■ **What you should do**: Produce word for word the lines of the data below running from the one that has "Barang bukti berupa" to the one that has "PARASITIC ROUND WORM", inclusive, and no others.

** Opening Supplied entries block **

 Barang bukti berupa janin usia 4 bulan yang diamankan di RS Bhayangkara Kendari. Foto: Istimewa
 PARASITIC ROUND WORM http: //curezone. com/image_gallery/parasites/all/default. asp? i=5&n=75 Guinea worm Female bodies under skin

** Closing Supplied entries block **
** Opening Supplied entries block **

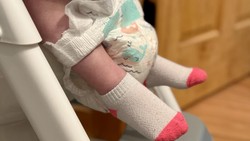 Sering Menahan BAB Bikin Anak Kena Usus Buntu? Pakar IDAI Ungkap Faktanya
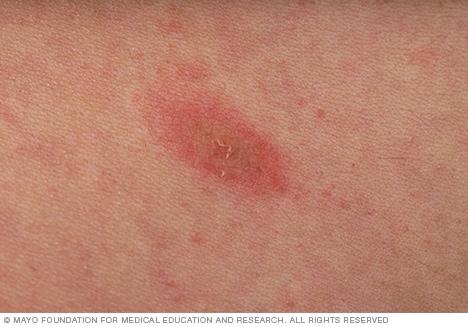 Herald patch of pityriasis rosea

** Closing Supplied entries block **

■ **Your solution**:
 Barang bukti berupa janin usia 4 bulan yang diamankan di RS Bhayangkara Kendari. Foto: Istimewa
 PARASITIC ROUND WORM http: //curezone. com/image_gallery/parasites/all/default. asp? i=5&n=75 Guinea worm Female bodies under skin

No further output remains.